# EXERCISE REQUIREMENTS
Set down every line from the one with "DSD TOOLS 15pc" to the end of the entries, both ends included, exactly as it reads and without pictures.

# SOURCE DATA
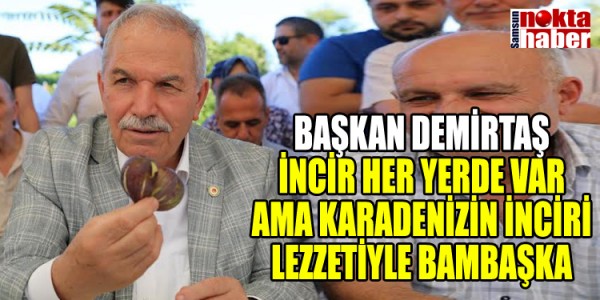 BAŞKAN DEMİRTAŞ İNCİR HER YERDE VAR AMA KARADENİZİN İNCİRİ LEZZETİYLE BAMBAŞKA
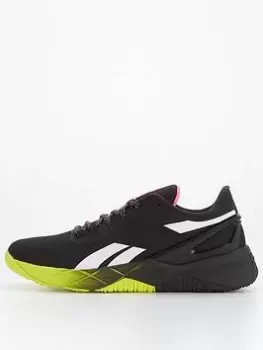 Image of Reebok TR Nanoflex Trainers - Black/Pink, Size 9, Men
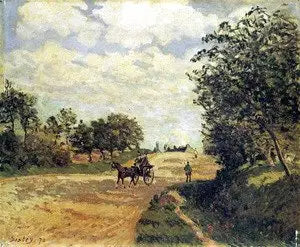 A Estrada de Mantes a Choisy-le-Roi - Alfred Sisley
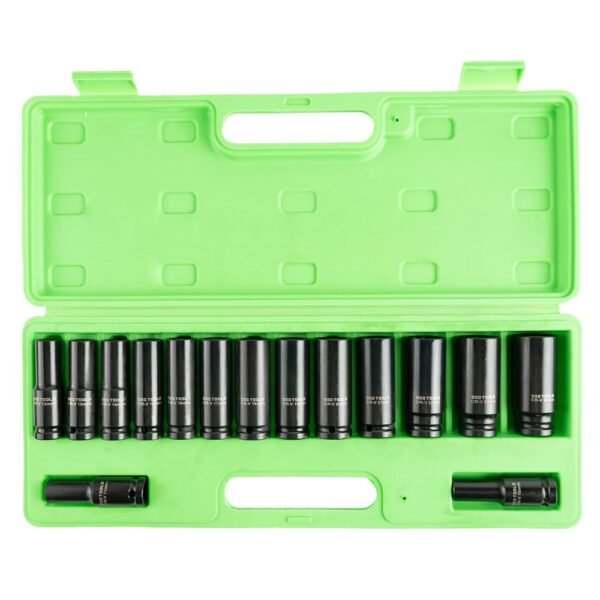 DSD TOOLS 15pc 1/2" DR Deep Impact Sockets Metric 10 - 24mm DS1172 - Image 3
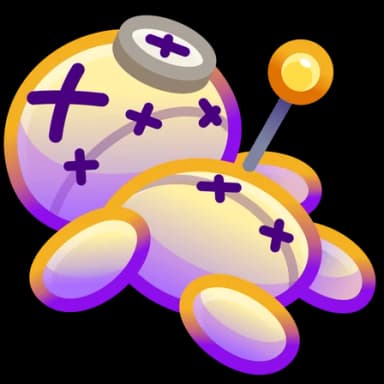Royal Gold — Voodoo Dolls Telegram gift model
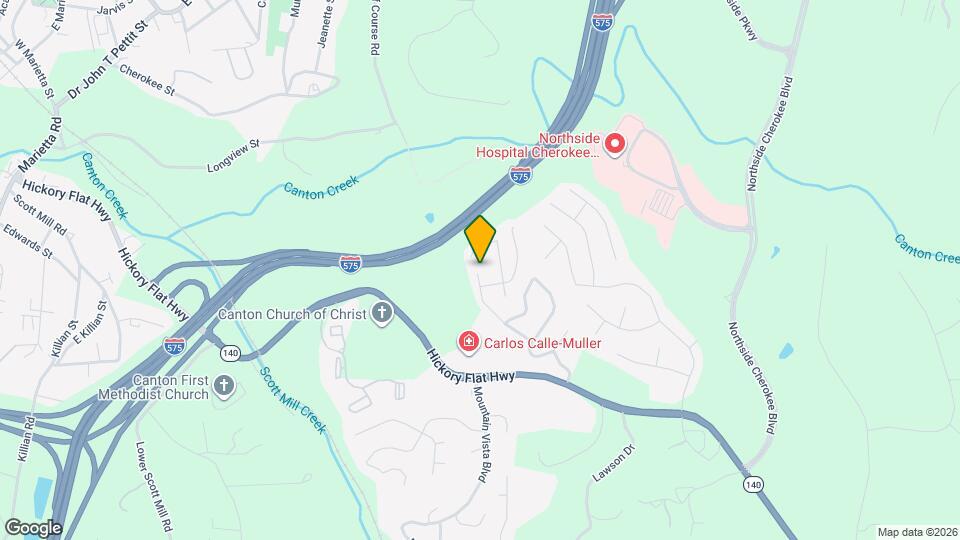 322 Hillcrest Ln Map and Location Details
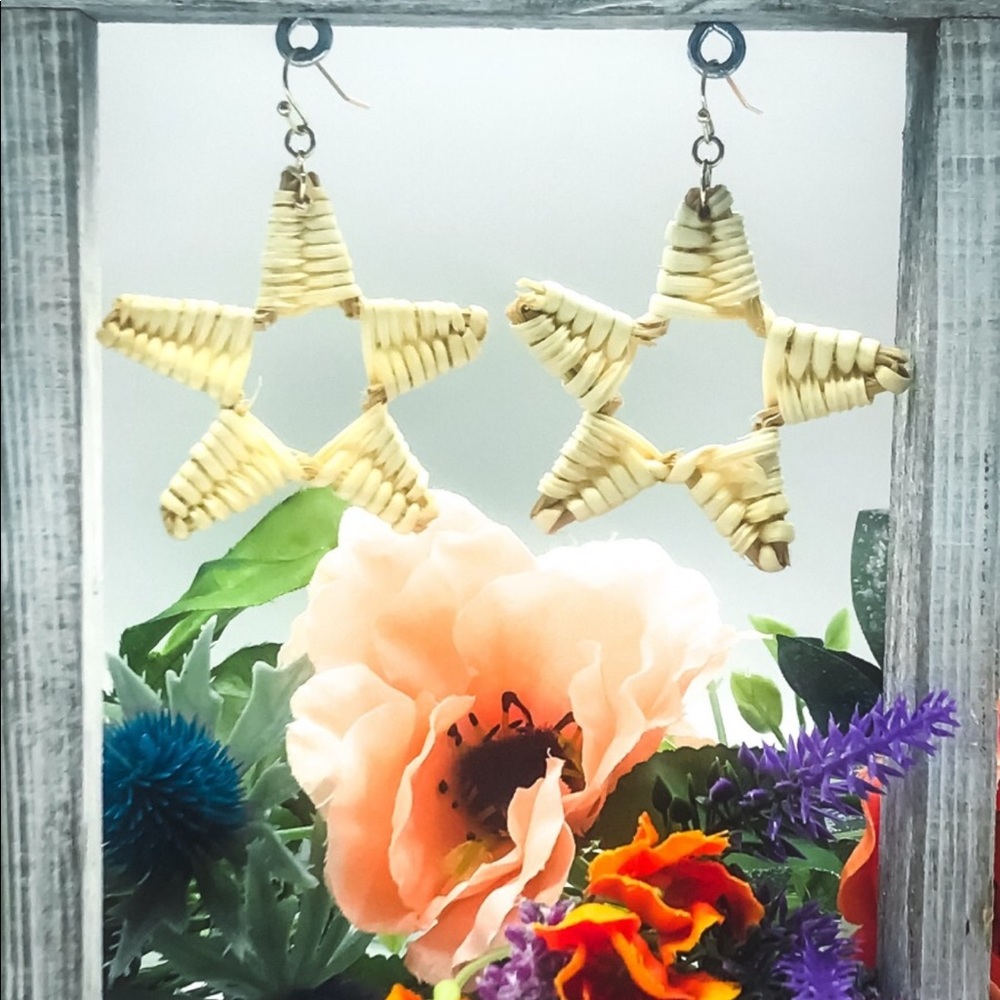 Wicker earrings❤️😍💕⭐️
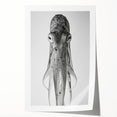 Colorful octopus illustration in a marine life wall art collection, showcasing intricate details and vibrant hues, perfect for coastal-themed decor.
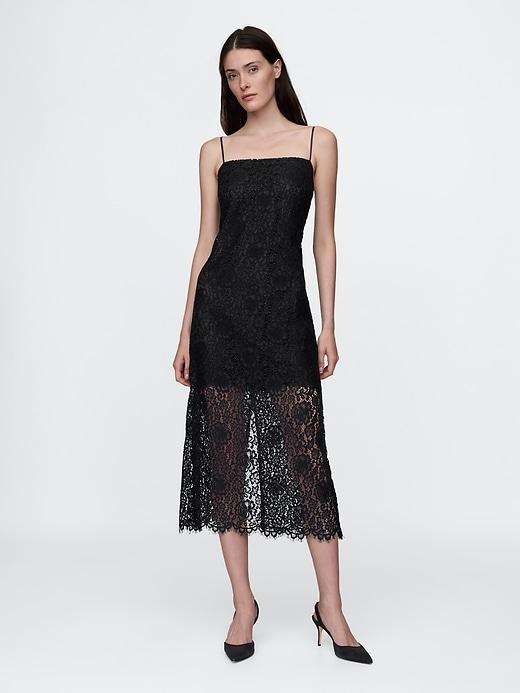 Lace Midi Dress Product Image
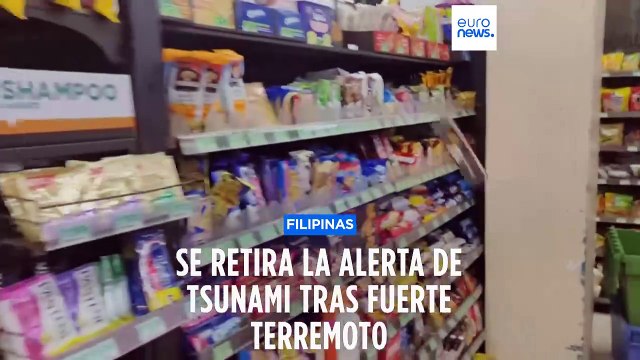 Se retira la alerta de tsunami en Filipinas tras registrarse un seísmo de 7,6 grados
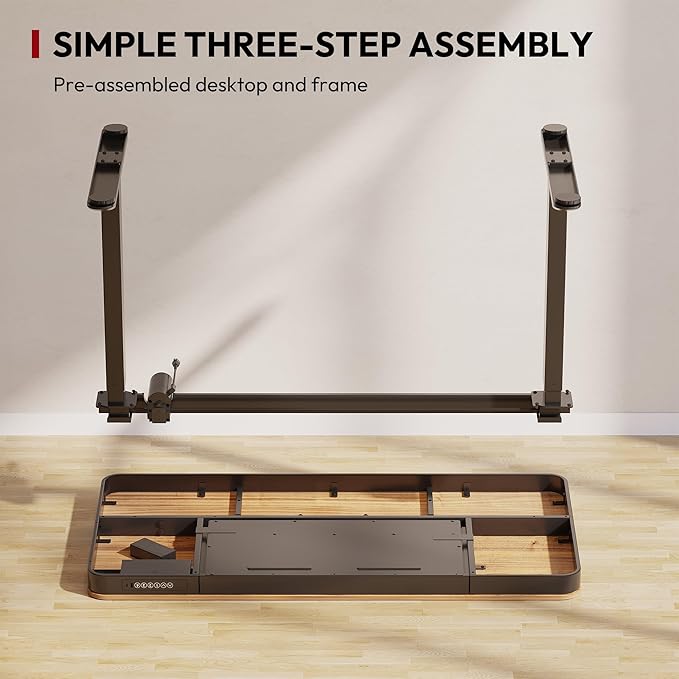 Standing Desk with Drawer, Electric Height Adjustable Home Office Desk with - Image 6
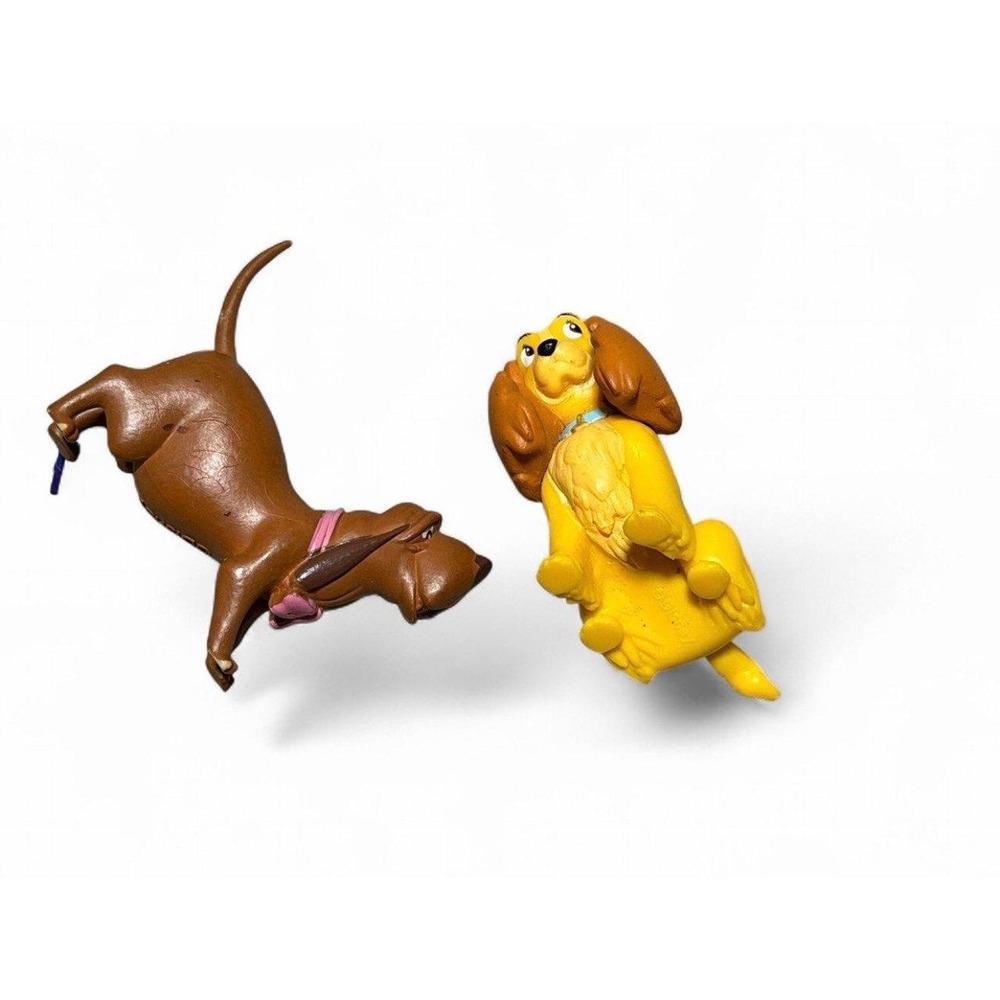 Disney Lady and the Tramp Lady & Princess and the Frog Stella PVC Figures Lot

# TASK ANSWER
 DSD TOOLS 15pc 1/2" DR Deep Impact Sockets Metric 10 - 24mm DS1172 - Image 3
Royal Gold — Voodoo Dolls Telegram gift model
 322 Hillcrest Ln Map and Location Details
 Wicker earrings❤️😍💕⭐️
 Colorful octopus illustration in a marine life wall art collection, showcasing intricate details and vibrant hues, perfect for coastal-themed decor.
 Lace Midi Dress Product Image
 Se retira la alerta de tsunami en Filipinas tras registrarse un seísmo de 7,6 grados
 Standing Desk with Drawer, Electric Height Adjustable Home Office Desk with - Image 6
 Disney Lady and the Tramp Lady & Princess and the Frog Stella PVC Figures Lot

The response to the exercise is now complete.